23/04/19 : Après Jo-Wilfried Tsonga, ex n°1 français et ex n°5 mondial, Lucas Pouille 32ème joueur mondial, n°10 en 2018, vient de confirmer sa participation au tournoi bordelais BNP ParisBas Primrose qui démarre le 29 avril sur les cours de la villa Primrose

18/04/19 : A l'occasion du Joli Mois de l'Europe, la Maison de l'Europe Direct Limousin organise une rencontre avec Jürgen Habermas. Philosophe allemand, il consacre sa réflexion à la question de l'intégration européenne. Rdv jeudi 2 mai, 18h30 à Limoges.

18/04/19 : A la suite de l'incendie qui a ravagé Notre Dame de Paris, la ville de Périgueux proposera un soutien financier de 10 000 €, lors de son prochain conseil municipal, pour aider à la reconstruction de ce bâtiment emblématique de l'histoire de France.

17/04/19 : Le coq reliquaire de la flèche de Notre-Dame de Paris, que l’on croyait disparu dans l’incendie de lundi, a été retrouvé mardi.
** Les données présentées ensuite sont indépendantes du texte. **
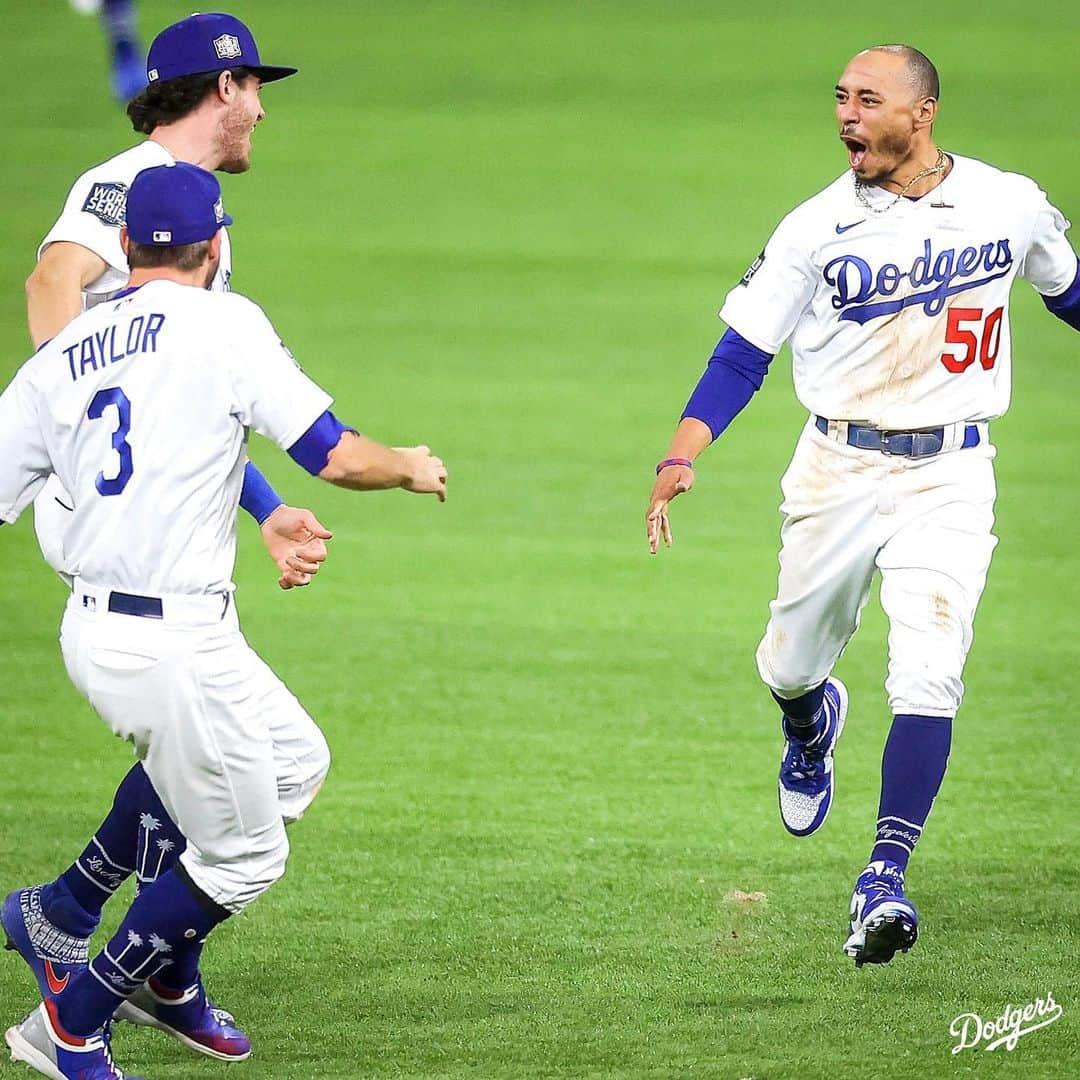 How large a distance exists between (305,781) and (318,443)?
85 centimetres

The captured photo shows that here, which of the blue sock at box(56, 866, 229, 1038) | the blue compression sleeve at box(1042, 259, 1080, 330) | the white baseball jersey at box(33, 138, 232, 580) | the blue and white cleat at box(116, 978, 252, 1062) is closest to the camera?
the blue sock at box(56, 866, 229, 1038)

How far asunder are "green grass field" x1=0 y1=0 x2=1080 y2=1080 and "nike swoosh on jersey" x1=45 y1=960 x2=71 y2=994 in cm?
23

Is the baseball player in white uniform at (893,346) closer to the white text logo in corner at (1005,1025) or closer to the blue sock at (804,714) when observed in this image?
the blue sock at (804,714)

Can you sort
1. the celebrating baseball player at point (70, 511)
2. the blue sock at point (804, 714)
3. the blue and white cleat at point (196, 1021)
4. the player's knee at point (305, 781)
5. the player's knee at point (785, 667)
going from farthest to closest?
the blue sock at point (804, 714) < the player's knee at point (785, 667) < the blue and white cleat at point (196, 1021) < the celebrating baseball player at point (70, 511) < the player's knee at point (305, 781)

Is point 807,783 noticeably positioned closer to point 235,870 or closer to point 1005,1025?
point 1005,1025

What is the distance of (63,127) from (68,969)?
39.6 feet

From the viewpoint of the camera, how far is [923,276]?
508 centimetres

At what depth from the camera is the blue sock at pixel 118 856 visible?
15.6 feet

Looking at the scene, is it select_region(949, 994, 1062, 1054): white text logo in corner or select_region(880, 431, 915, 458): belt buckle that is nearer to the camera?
select_region(949, 994, 1062, 1054): white text logo in corner

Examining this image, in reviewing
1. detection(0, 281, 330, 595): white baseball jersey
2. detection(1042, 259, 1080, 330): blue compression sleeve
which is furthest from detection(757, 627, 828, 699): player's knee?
detection(0, 281, 330, 595): white baseball jersey

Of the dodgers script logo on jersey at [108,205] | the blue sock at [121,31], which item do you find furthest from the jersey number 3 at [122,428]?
the blue sock at [121,31]

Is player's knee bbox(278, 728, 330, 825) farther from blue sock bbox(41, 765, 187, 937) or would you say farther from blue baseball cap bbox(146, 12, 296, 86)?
blue baseball cap bbox(146, 12, 296, 86)

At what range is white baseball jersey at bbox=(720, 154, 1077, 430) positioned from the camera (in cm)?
509

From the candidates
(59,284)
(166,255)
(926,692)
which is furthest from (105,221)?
(926,692) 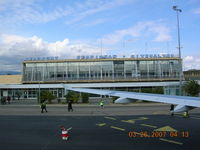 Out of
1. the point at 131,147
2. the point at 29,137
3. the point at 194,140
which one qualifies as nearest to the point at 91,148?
the point at 131,147

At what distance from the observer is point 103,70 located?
61094mm

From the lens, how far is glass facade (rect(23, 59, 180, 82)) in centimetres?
6062

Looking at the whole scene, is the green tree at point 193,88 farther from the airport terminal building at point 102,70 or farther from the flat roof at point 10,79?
the flat roof at point 10,79

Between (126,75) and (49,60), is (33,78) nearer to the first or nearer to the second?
(49,60)

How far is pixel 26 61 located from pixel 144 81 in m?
32.6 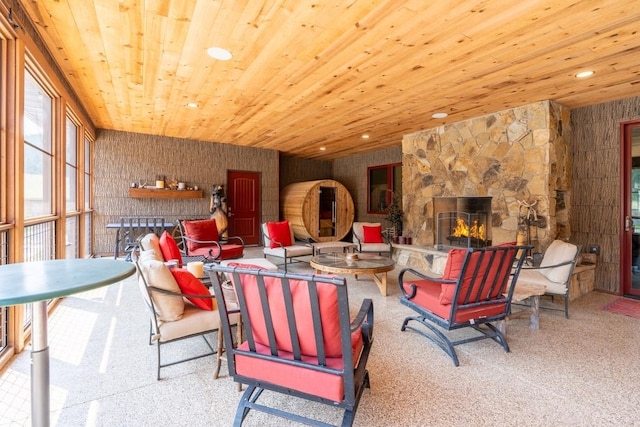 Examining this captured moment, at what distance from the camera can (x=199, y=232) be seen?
519cm

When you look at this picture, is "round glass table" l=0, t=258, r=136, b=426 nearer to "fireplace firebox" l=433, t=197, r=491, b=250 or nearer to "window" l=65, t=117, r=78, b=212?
→ "window" l=65, t=117, r=78, b=212

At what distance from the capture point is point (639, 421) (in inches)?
71.8

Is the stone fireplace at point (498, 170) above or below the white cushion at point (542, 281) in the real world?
above

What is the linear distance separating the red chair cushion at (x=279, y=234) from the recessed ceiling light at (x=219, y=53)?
318 centimetres

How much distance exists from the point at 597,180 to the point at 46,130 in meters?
7.08

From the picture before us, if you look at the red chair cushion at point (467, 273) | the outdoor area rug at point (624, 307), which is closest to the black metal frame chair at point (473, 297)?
the red chair cushion at point (467, 273)

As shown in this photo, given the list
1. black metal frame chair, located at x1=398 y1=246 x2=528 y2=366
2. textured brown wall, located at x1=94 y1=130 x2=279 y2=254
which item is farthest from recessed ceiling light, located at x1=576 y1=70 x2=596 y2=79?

Il devrait regagner prochainement l'entreprise Socra à Marsac-sur-l'Isle (24) pour être restauré comme initialement prévu.

10/04/19 : Les Chambres d’agriculture de Lot-et-Garonne, Haute-Vienne et Vienne, estampillées Coordination rurale, ont créé, le 9 avril, l’Association des Chambres d’agriculture de Nouvelle Aquitaine pour le développement agricole et rural

02/04/19 : A partir du 1er septembre prochain, la Communauté d’Agglomération du Libournais (La Cali) lance un nouveau réseau de transport gratuit pour tous. L’exploitation a été confiée au groupe Transdev pour les huit prochaines années.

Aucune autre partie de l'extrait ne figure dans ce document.